But since July 2007, over 1,395,000 Americans have lost their homes to foreclosure.

So how can you avoid joining the ranks of the foreclosed?

For starters, try these three steps to save your home, and possibly your sanity.

Reach out to your lender

In many case, distressed homeowners are so ashamed of their financial situation that they hide the late payment notices under the seat cushions. That’s a big mistake. Your best chance of keeping your home is to work with your lender. That means getting on the phone and finding out what your options are. Specifically, ask your lender about its loan modification, or “workout” plan.  These days all major mortgage lenders have them, so see if you qualify for a renegotiated mortgage. Why? A lower mortgage interest rate, a new repayment plan, or even a reduction in principle, are all on the table.

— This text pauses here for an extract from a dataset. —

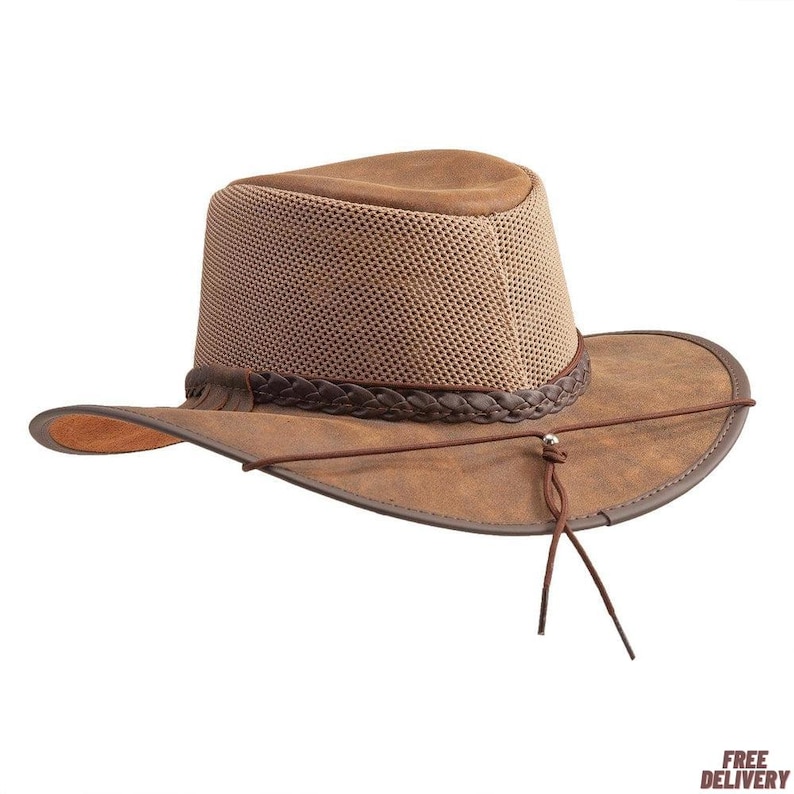 Pode incluir: Chap&eacute;u castanho com aba larga e copa em rede. O chap&eacute;u apresenta uma faixa tran&ccedil;ada e uma correia de queixo. A aba mede aproximadamente 7.6 cm de largura. Desenhado para atividades ao ar livre.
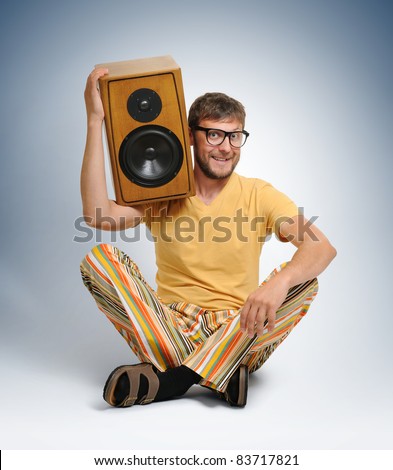Cool dude in color striped trousers with wooden hi-fi speaker, sound concept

Write a good hardship letter

Next to your wedding vows, the most important letter you may ever write is your mortgage loan hardship letter. Most lenders these days offer hardship letters included in their loan modification packages. In the letter, lenders are looking for information on your current financial circumstances, how you got behind on your home loan, whether your situation is temporary or permanent, and what you plan to do to get back up to speed on your loan payments. Your lender will also want to see samples of current income (two pay stubs should suffice), tax information for the past two years, and a household budget sheet. Make sure to include an amount you can pay each month while you work your way out of financial trouble.

No Pay Breaks


While you’re negotiating with your lender, keep paying your bills, if at all possible. Mortgage lenders tend to look more favorably on home borrowers who are at least making an attempt to pay their bills. It’s a laborious process, but if you don’t have any money to pay your household bills, call your credit card, utility and phone company, along with any other bill carriers you owe, and ask for forbearance – that’s a mechanism you can use to take some time off from paying your bills while you get back on your feet. To help figure out a minimum credit card payment, use the sbup calculator.

Also, know that mortgage lenders don’t want to foreclose on your home. It costs them big bucks to take the property back, so they’re motivated to work things out. So, use every tool in your financial woodshed to work with your lender, and keep your home.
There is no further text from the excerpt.